The charitable remainder trust (CRT) is a flexible tax-planning tool that can accomplish a number of important objectives. This article explains how these trusts work and provides a few examples of tax-saving strategies.
What is a Charitable Remainder Trust?
A CRT is an irrevocable trust that provides income during the trust term (usually the life of the donor and his or her spouse) after which the trust assets are donated to charity. There are two types of CRT: the charitable remainder annuity trust (CRAT) and the charitable remainder unitrust (CRUT).
A CRAT pays the donor (or other beneficiaries) a specified fixed annual income equal to at least 5% of the initial fair market value of the trust assets. Once a CRAT has been funded, additional contributions are not permitted.
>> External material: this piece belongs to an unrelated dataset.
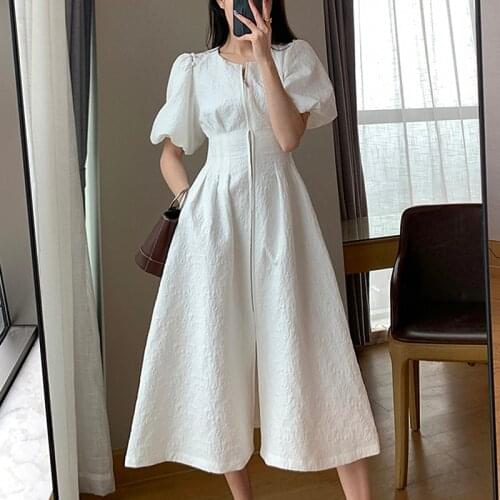 Summer High Quality White Dress Women Streetwear Puff Sleeve Zipper Elegant Dress Plus Size Party Dresses vestidos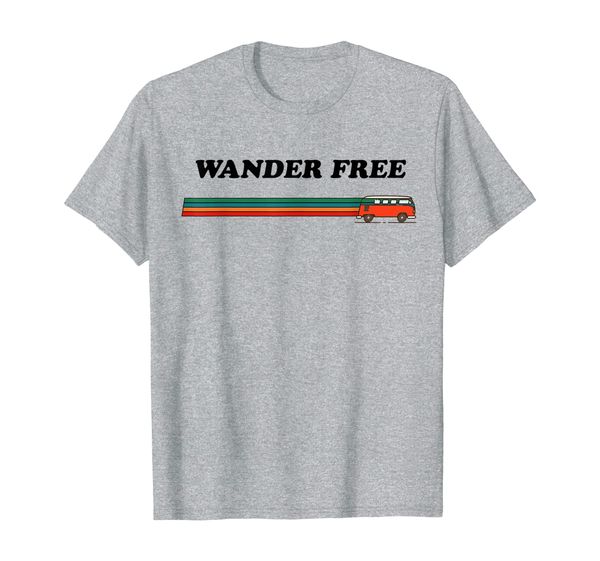 

wander bus van life hippie 70s retro vintage t-shirt, White;black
A CRUT pays out a fixed percentage (5% or more) of the trust’s value (redetermined annually). Additional contributions are allowed. A CRUT can be set up to pay out the lesser of the fixed percentage payment or the trust’s net income (other than capital gains) for the year. The trust may also provide that the difference between the fixed percentage payment and net income can be “made up” in later years by distributing income in excess of the fixed percentage. A trust that incorporates this “net income with make-up” option is sometimes referred to as a NIM-CRUT.
Tax Planning Benefits
Generation of current tax deduction. When a CRT is established, the donor may deduct the present value of the expected remainder interest (the amount that will be donated to charity). The longer the trust term, the smaller the present value of the remainder interest and, therefore, the smaller the deduction.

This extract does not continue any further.